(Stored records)
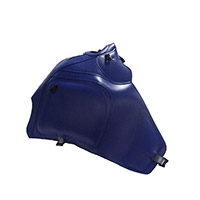 Protecteur De Réservoir Bagster 1147 Xt 600 Tenere Bleu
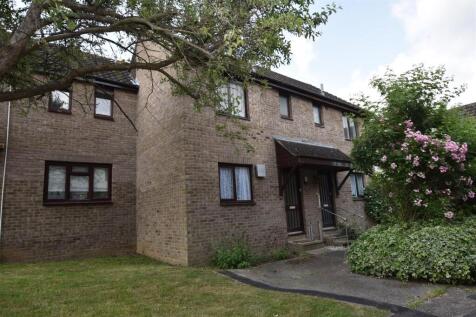 Berry Vale, South Woodham Ferrers 1 bed house for sale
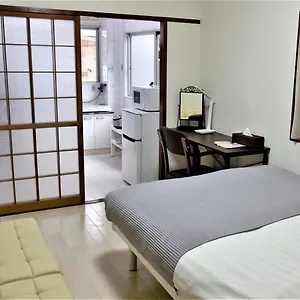 u-shuku-osaka-2.hotels-osaka.net/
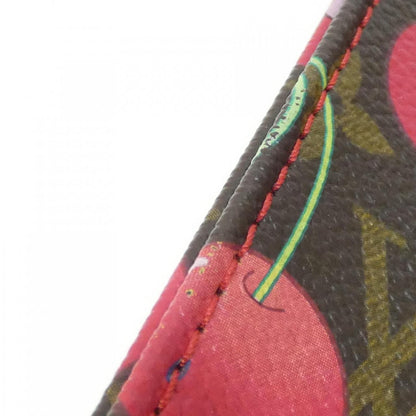 Louis Vuitton Monogram Cherry Sac Pla Bag — view 4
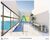 Flat/Apart Hotel, 1 quarto, 33 m² - Foto 3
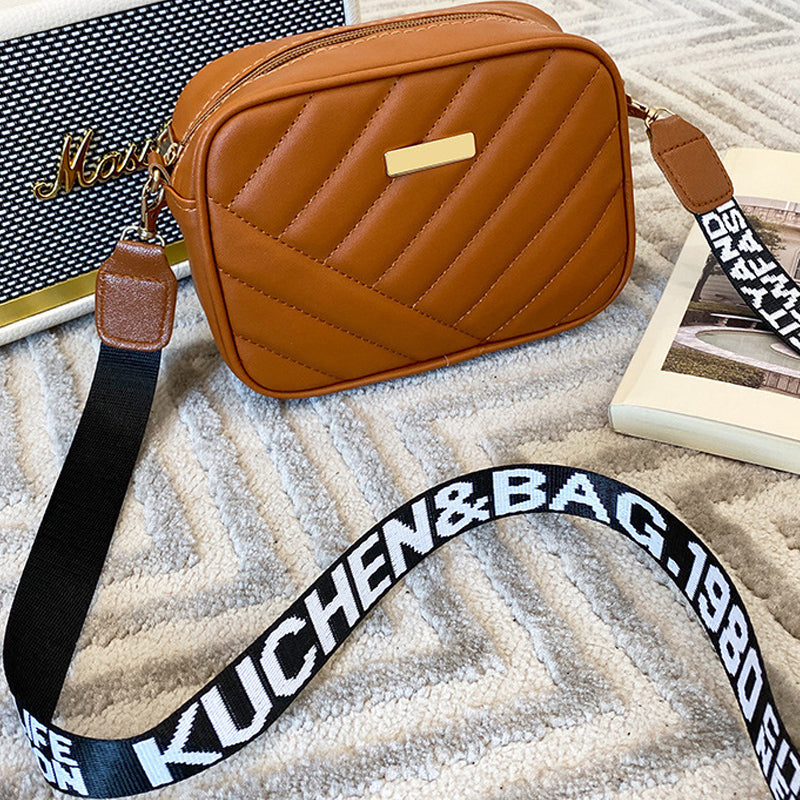 Crossbody Mini Bags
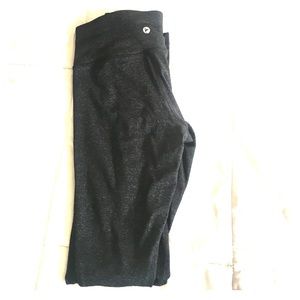 90 degree by reflex leggings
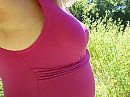 zomer outfitje, foto 4000x3000, 0 reacties, 0 stemmen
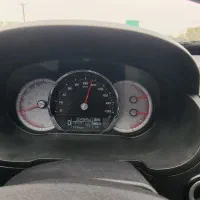 کوییک آر فول اتومات 1403|خودرو سواری و وانت|شیراز, شهرک گلستان شمالی|دیوار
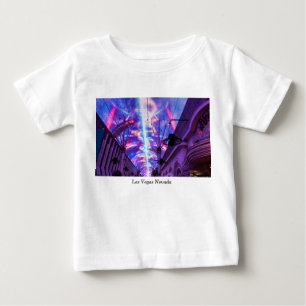 Camiseta Poder Da Rua Fremont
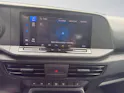 Ford Grand Transit Connect FlexCab 1.5 EcoBoost 150 Trend PHEV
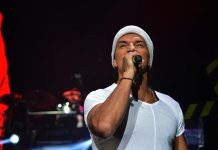 Ricardo Arjona apunta tres nominaciones en premios Billboard 2015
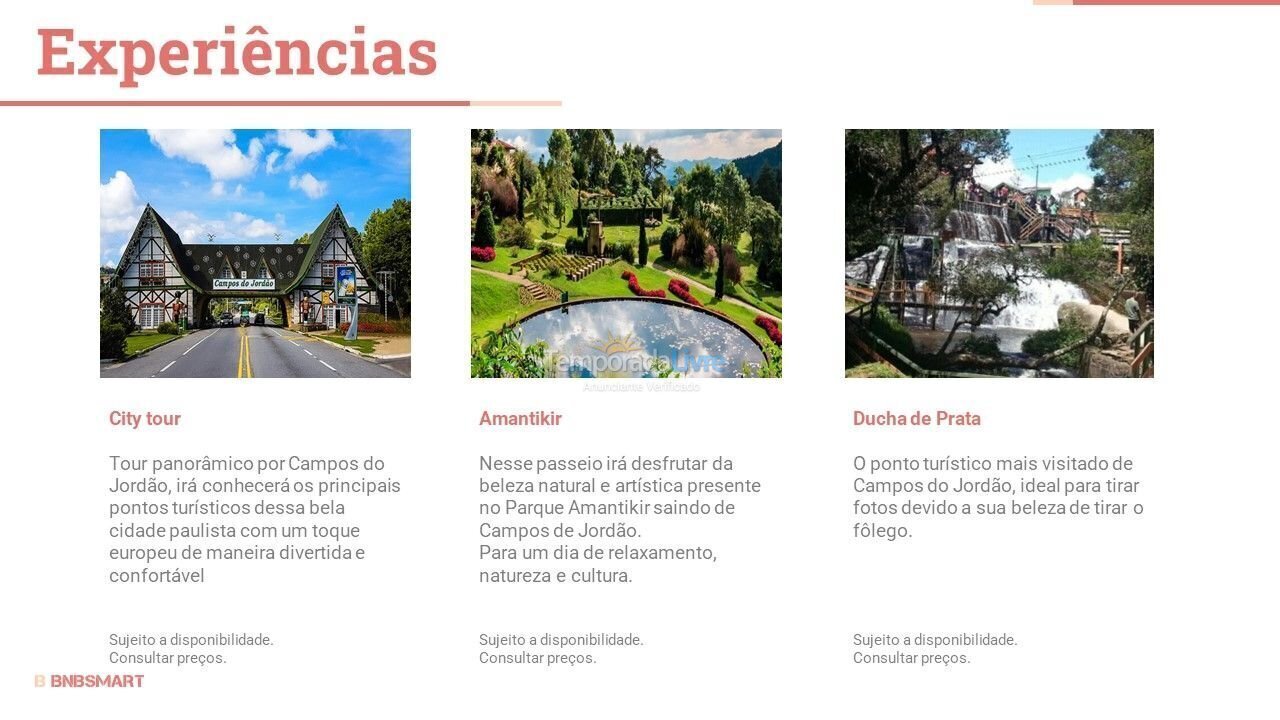 House for vacation rental in Campos do Jordão (Sp Campos do Jordão)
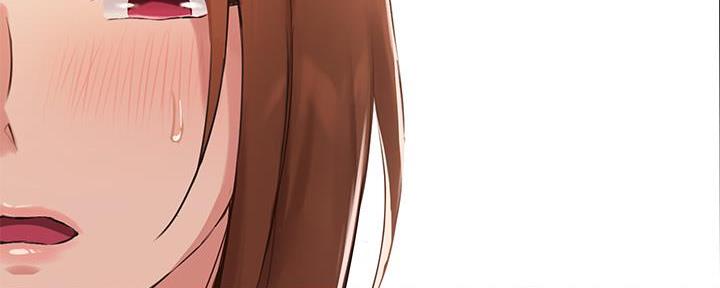 第6话20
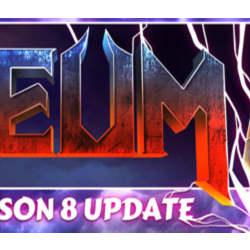 SEUM: Speedrunners from Hell / Steam Ключ / Все регионы | АВТОВЫДАЧА 24/7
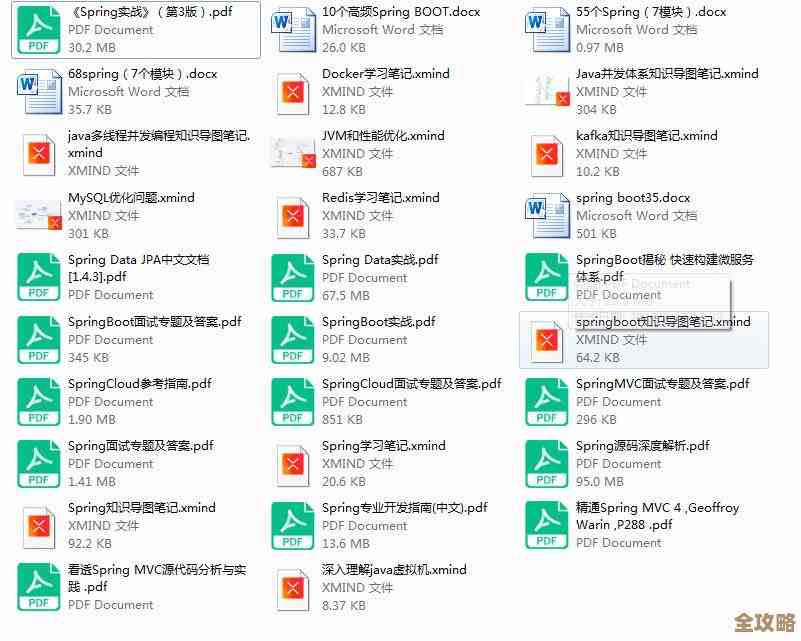 Redis里说的CAS到底是啥，怎么用，有啥讲究和坑？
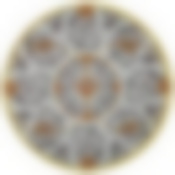 Доска сервирочная коллекция Monogram 20 см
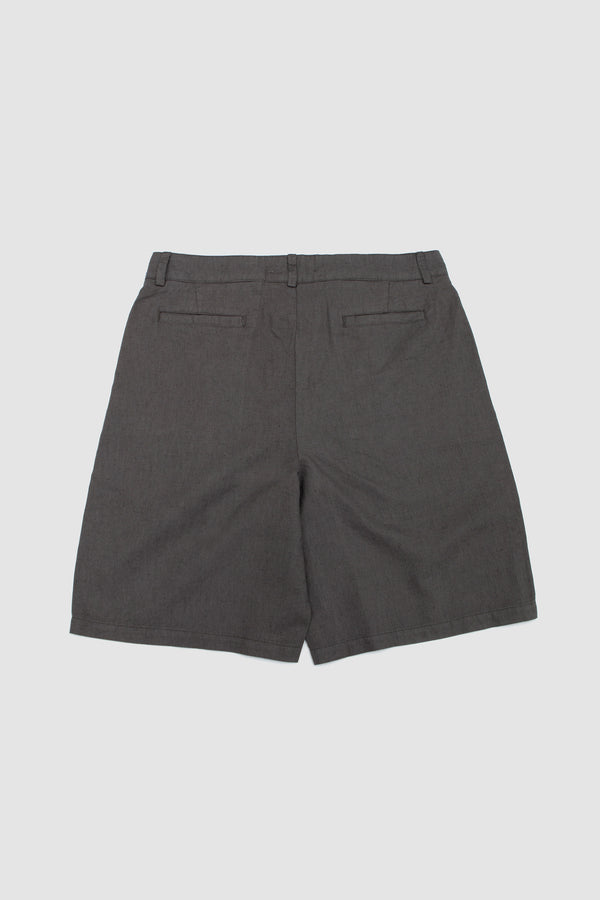Sportivo Store Barbate Shorts Grey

**Directions**
The data must come back word for word, with every picture removed.

**Output**
 Protecteur De Réservoir Bagster 1147 Xt 600 Tenere Bleu
 Berry Vale, South Woodham Ferrers 1 bed house for sale
 u-shuku-osaka-2.hotels-osaka.net/
 Louis Vuitton Monogram Cherry Sac Pla Bag — view 4
 Flat/Apart Hotel, 1 quarto, 33 m² - Foto 3
 Crossbody Mini Bags
 90 degree by reflex leggings
 zomer outfitje, foto 4000x3000, 0 reacties, 0 stemmen
 کوییک آر فول اتومات 1403|خودرو سواری و وانت|شیراز, شهرک گلستان شمالی|دیوار
 Camiseta Poder Da Rua Fremont
 Ford Grand Transit Connect FlexCab 1.5 EcoBoost 150 Trend PHEV
 Ricardo Arjona apunta tres nominaciones en premios Billboard 2015
 House for vacation rental in Campos do Jordão (Sp Campos do Jordão)
 第6话20
 SEUM: Speedrunners from Hell / Steam Ключ / Все регионы | АВТОВЫДАЧА 24/7
 Redis里说的CAS到底是啥，怎么用，有啥讲究和坑？
 Доска сервирочная коллекция Monogram 20 см
Sportivo Store Barbate Shorts Grey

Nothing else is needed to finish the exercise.